The application of laparoscopic gastric surgery has rapidly increased for the treatment of early gastric cancer. However, laparoscopic gastrectomy for advanced tumor remains controversial, particularly in terms of oncologic outcomes. This study was designed to compare 3-year survival of laparoscopic versus open curative gastrectomy in early and advanced gastric cancer.


This was a retrospective matched cohort study. We included patients between 2003 and 2010 with an R0 resection. A totally laparoscopic technique was used and D2 lymph node dissection was practiced routinely. We performed an intracorporeal hand-sewn esophagojejunostomy in all laparoscopic total gastrectomy cases. We matched all laparoscopic cases 1:1 with open cases according to TNM AJCC seventh edition. We used Mann-Whitney or t test and Chi-square test to compare both groups. Kaplan-Meier analysis with log-rank test was performed to compare survival.


We included 31 open and 31 laparoscopic cases (mean age 63 ± 14 years; 66% males). Both groups were identical in type of gastrectomy (71% total and 29% subtotal). There were no statistical difference between laparoscopic and open groups in age, sex, N category, tumor location and size, histological differentiation, and T category (48% T1, 13% T2, 16% T3, and 23% T4 in both groups), with 48% early and 52% advanced tumors. The median number of resected lymph nodes was similar: 35 (23-53) for laparoscopic and 39 (23-45) for open cases (P = 0.81). The median follow-up was 50 months. The overall 3-year survival was 82% for laparoscopic surgery and 87% for the open surgery group (P = 0.56).
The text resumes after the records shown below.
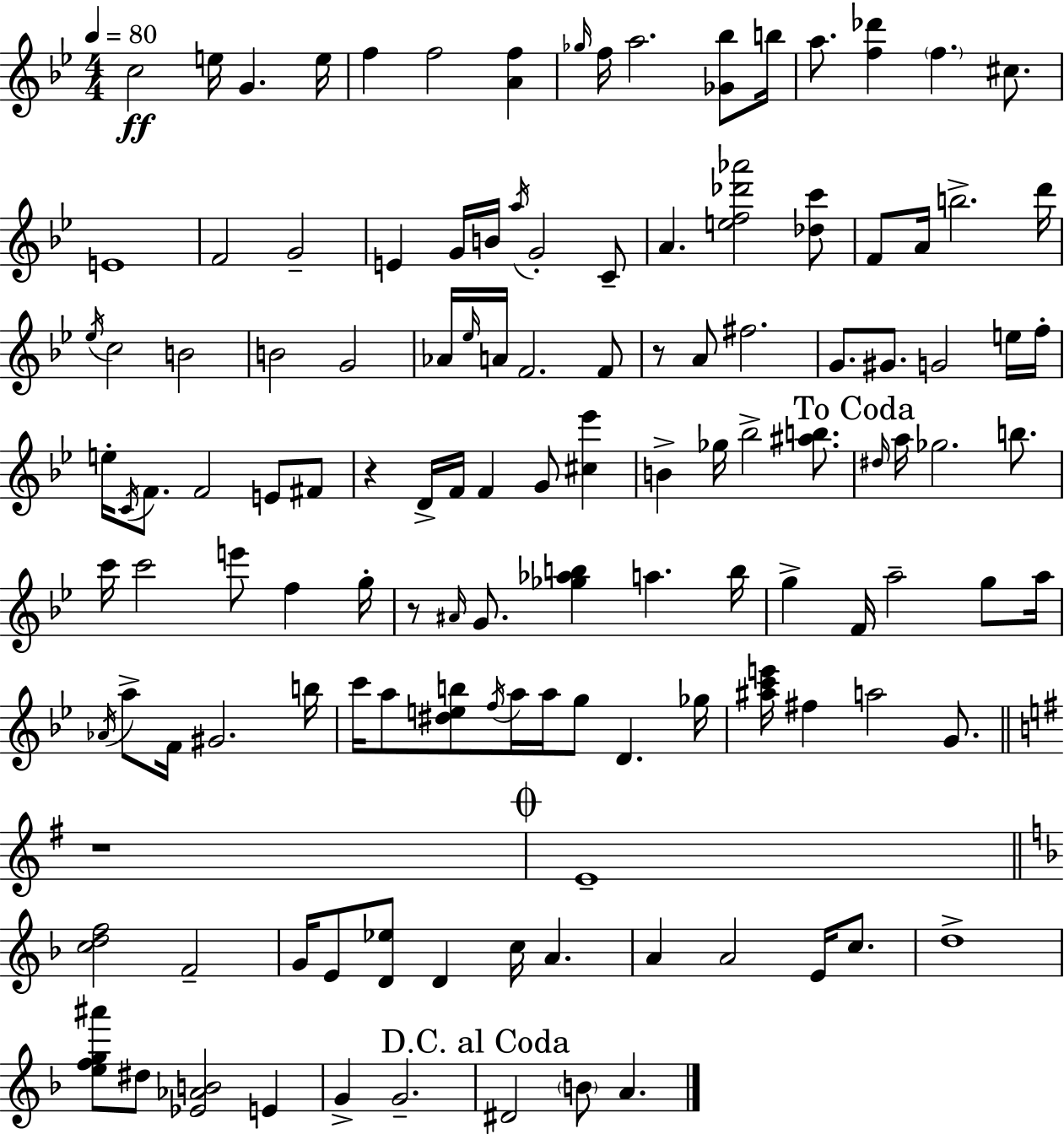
{
  \clef treble
  \numericTimeSignature
  \time 4/4
  \key g \minor
  \tempo 4 = 80
  \repeat volta 2 { c''2\ff e''16 g'4. e''16 | f''4 f''2 <a' f''>4 | \grace { ges''16 } f''16 a''2. <ges' bes''>8 | b''16 a''8. <f'' des'''>4 \parenthesize f''4. cis''8. | \break e'1 | f'2 g'2-- | e'4 g'16 b'16 \acciaccatura { a''16 } g'2-. | c'8-- a'4. <e'' f'' des''' aes'''>2 | \break <des'' c'''>8 f'8 a'16 b''2.-> | d'''16 \acciaccatura { ees''16 } c''2 b'2 | b'2 g'2 | aes'16 \grace { ees''16 } a'16 f'2. | \break f'8 r8 a'8 fis''2. | g'8. gis'8. g'2 | e''16 f''16-. e''16-. \acciaccatura { c'16 } f'8. f'2 | e'8 fis'8 r4 d'16-> f'16 f'4 g'8 | \break <cis'' ees'''>4 b'4-> ges''16 bes''2-> | <ais'' b''>8. \mark "To Coda" \grace { dis''16 } a''16 ges''2. | b''8. c'''16 c'''2 e'''8 | f''4 g''16-. r8 \grace { ais'16 } g'8. <ges'' aes'' b''>4 | \break a''4. b''16 g''4-> f'16 a''2-- | g''8 a''16 \acciaccatura { aes'16 } a''8-> f'16 gis'2. | b''16 c'''16 a''8 <dis'' e'' b''>8 \acciaccatura { f''16 } a''16 a''16 | g''8 d'4. ges''16 <ais'' c''' e'''>16 fis''4 a''2 | \break g'8. \bar "||" \break \key g \major r1 | \mark \markup { \musicglyph "scripts.coda" } e'1-- | \bar "||" \break \key d \minor <c'' d'' f''>2 f'2-- | g'16 e'8 <d' ees''>8 d'4 c''16 a'4. | a'4 a'2 e'16 c''8. | d''1-> | \break <e'' f'' g'' ais'''>8 dis''8 <ees' aes' b'>2 e'4 | g'4-> g'2.-- | \mark "D.C. al Coda" dis'2 \parenthesize b'8 a'4. | } \bar "|."
}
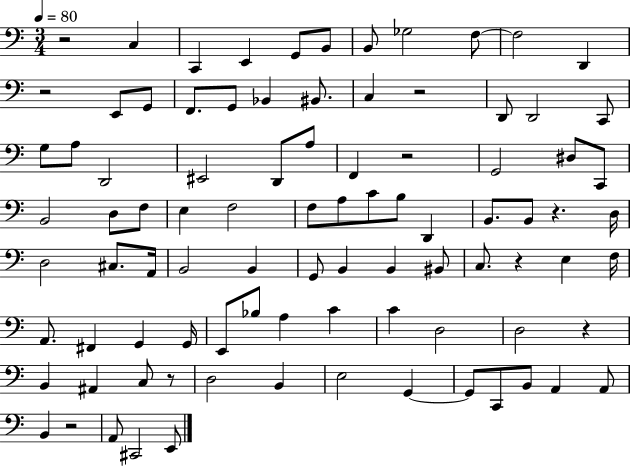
R/h C3/q C2/q E2/q G2/e B2/e B2/e Gb3/h F3/e F3/h D2/q R/h E2/e G2/e F2/e. G2/e Bb2/q BIS2/e. C3/q R/h D2/e D2/h C2/e G3/e A3/e D2/h EIS2/h D2/e A3/e F2/q R/h G2/h D#3/e C2/e B2/h D3/e F3/e E3/q F3/h F3/e A3/e C4/e B3/e D2/q B2/e. B2/e R/q. D3/s D3/h C#3/e. A2/s B2/h B2/q G2/e B2/q B2/q BIS2/e C3/e. R/q E3/q F3/s A2/e. F#2/q G2/q G2/s E2/e Bb3/e A3/q C4/q C4/q D3/h D3/h R/q B2/q A#2/q C3/e R/e D3/h B2/q E3/h G2/q G2/e C2/e B2/e A2/q A2/e B2/q R/h A2/e C#2/h E2/e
There were no difference in 3-year survival for the laparoscopic versus the open surgery groups for advanced tumors (74 vs. 75%, P = 0.88), N+ tumors (73 vs. 73%, P = 0.99) and for the different AJCC stages (stage 1: 94 vs. 100%, stage 2: 89 vs. 82%, and stage 3: 50 vs. 50%, P = 0.32, 0.83, and 0.98 respectively).


In this preliminary report, with 52% of advanced tumor, the 3-year overall and stage-by-stage survival was comparable for laparoscopic and open curative gastrectomy.